__ABOUT THIS EXERCISE__
With images removed, transcribe each record exactly as it appears.

[Items listed in a dataset]

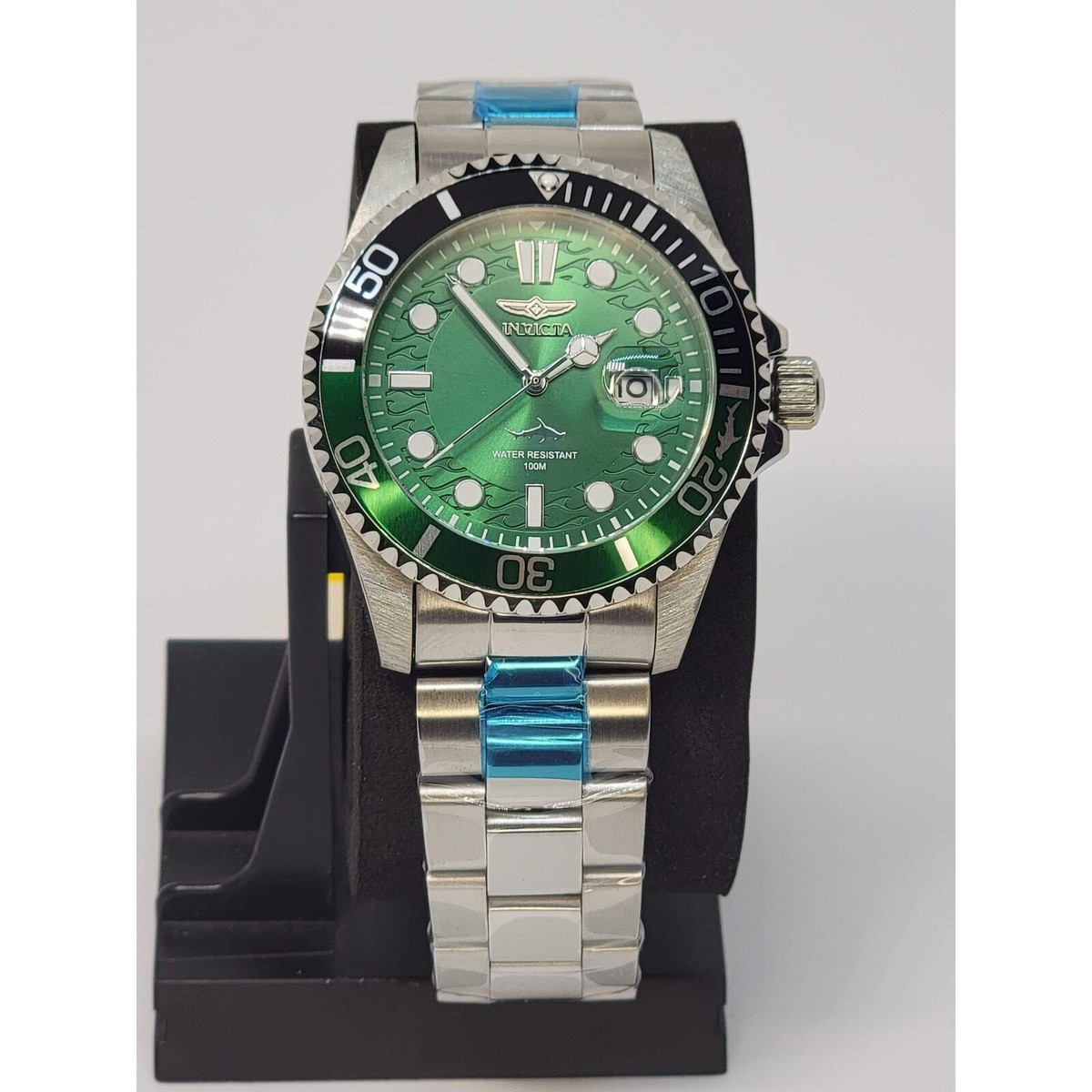 Invicta Pro Diver Men 43mm Stainless Steel Green dial PC32 Quartz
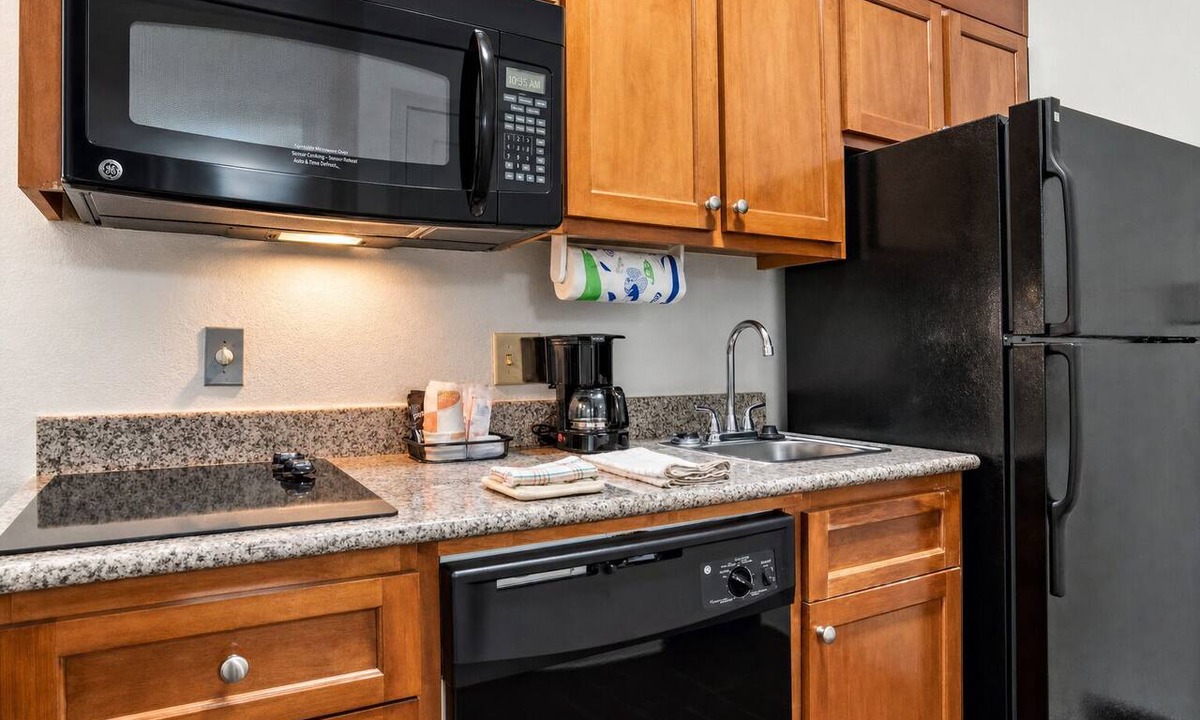 Denham Springs Hotel | 2 Pet-Friendly Suites w/Kitchenette Near Antique Village & Shopping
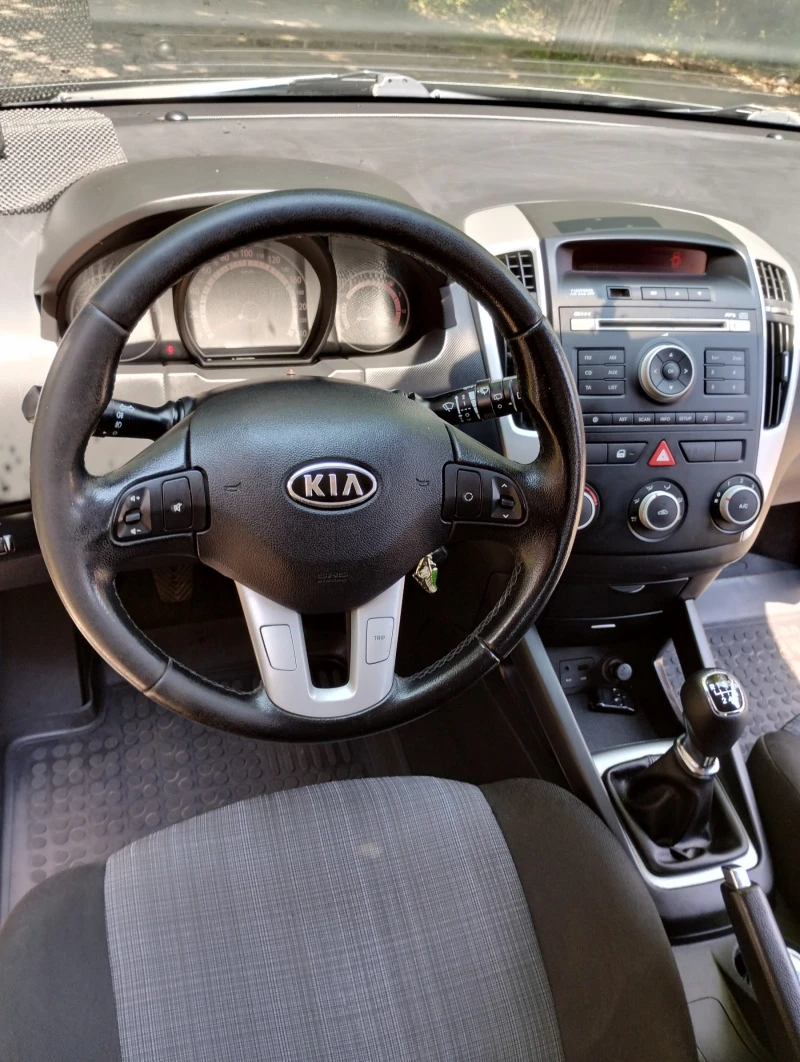 Kia Ceed Комби, снимка 7 - Автомобили и джипове - 49607289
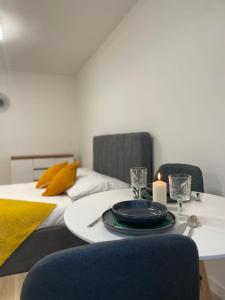 a table with a plate of food on top of a bed at Luxury Apartments Kamienna Góra in Kamienna Góra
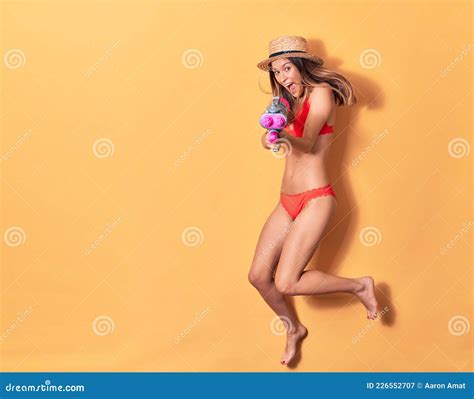 Jovencita Hermosa Con Bikini Y Sombrero De Verano Sonriente Feliz Imagen De Archivo Imagen De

__WRITTEN SOLUTION__
 Invicta Pro Diver Men 43mm Stainless Steel Green dial PC32 Quartz
 Denham Springs Hotel | 2 Pet-Friendly Suites w/Kitchenette Near Antique Village & Shopping
 Kia Ceed Комби, снимка 7 - Автомобили и джипове - 49607289
 a table with a plate of food on top of a bed at Luxury Apartments Kamienna Góra in Kamienna Góra
 Jovencita Hermosa Con Bikini Y Sombrero De Verano Sonriente Feliz Imagen De Archivo Imagen De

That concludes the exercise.